In this example (figure 3), a player who wishes to win is forced to adopt a very extreme strategy in order to do well, because the more invested the player becomes in a particular asset, the more valuable continued investment in that asset becomes.  The control function is very steep near the optimum strategies, because small changes around those points represent trading off between one asset with a high marginal value and one with a low marginal value.

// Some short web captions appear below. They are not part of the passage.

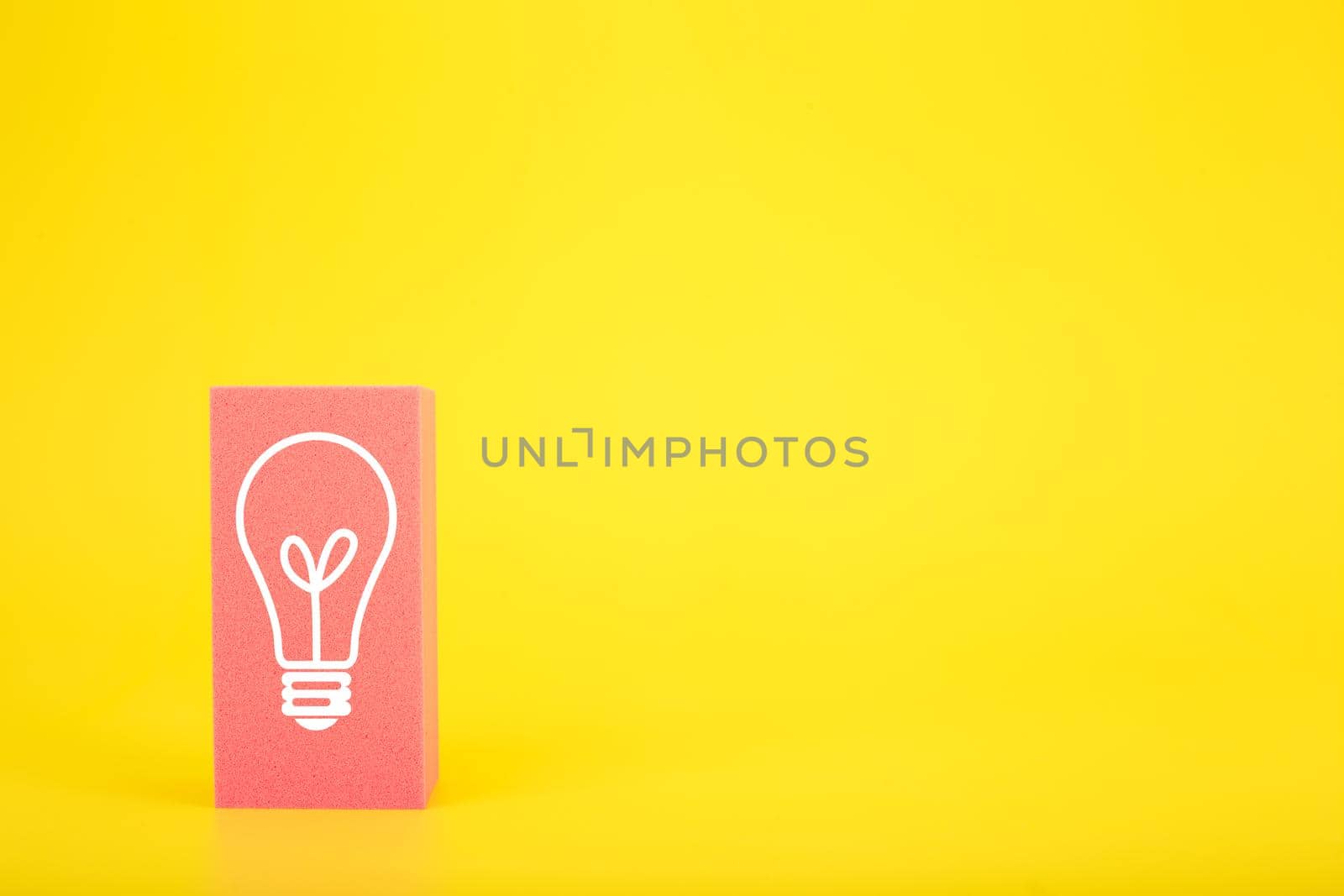 Concept of idea, creativity, start up or brainstorming. White drawn light bulb on pink rectangle against yellow background with copy space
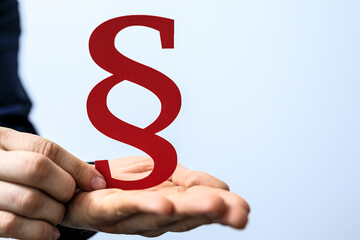 Image of a red paragraph symbol held in hands, perfect for legal, justice, and law concepts.  High-quality stock photo.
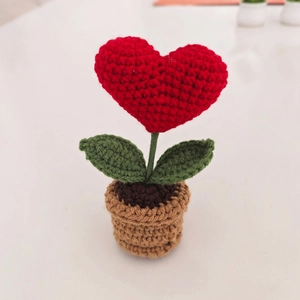 Handmade crochet red heart plant in brown pot decor on white desk background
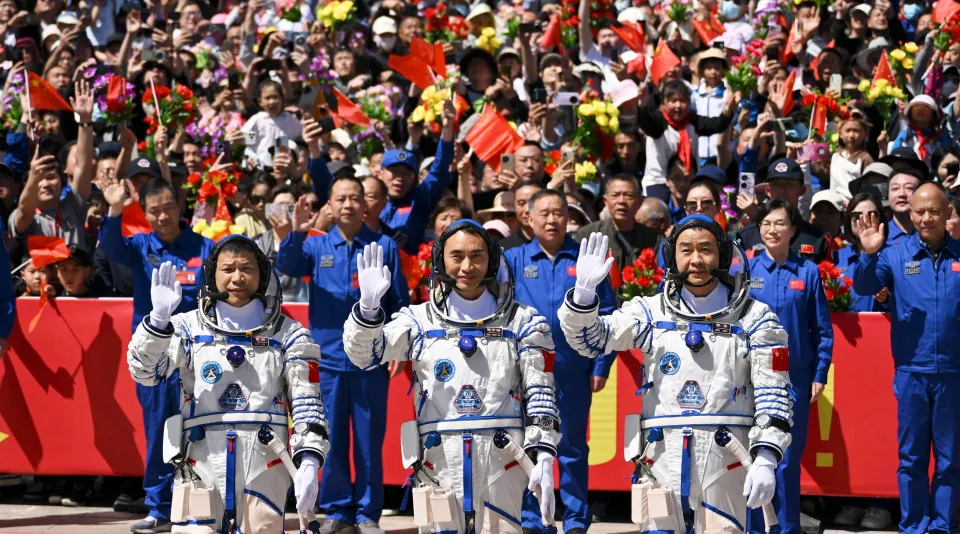 Chinese astronauts Chen Dong, Chen Zhongrui, and Wang Jie wave to a cheering crowd at a send-off ceremony.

The optimal strategies are probably not hard for the player to find (they just pursue their first thought to its logical extreme), but calculating the maximum effectiveness of these strategies may be difficult, because the curves are so steep–a small error in the calculations will result in a large error in the predicted effectiveness.  Additionally, a small change to the parameters of the game can result in a major change in the effectiveness of one of the optimum strategies (again, because the curves are so steep), but if we want to move the optimal strategies horizontally, it requires drastic changes to the game.  This game will be easy to play, but hard to balance.

Note that the concavity of the marginal returns has not been considered in this analysis.  Those pictured in figure 2 are concave up and those in figure 3 are concave down (which is likely the most sensible way to contruct them, given the constraints), but the same general conclusions hold even if this is not the case.

∂²C/∂a∂b and Synergies

The player can be induced to shift attention from one asset to another as the object of his attention drops in marginal value, but another way to curb the tendency towards excess is to increase the value of another asset.  If the value of asset a increases as I invest in asset b, then I am more likely to shift resources towards a (if the effect is mutual, I’m likely to divide resources between them on an ongoing basis).  You can think of this as a synergy between a and b, and in terms of calculus, this means that ∂²C/∂ab > 0.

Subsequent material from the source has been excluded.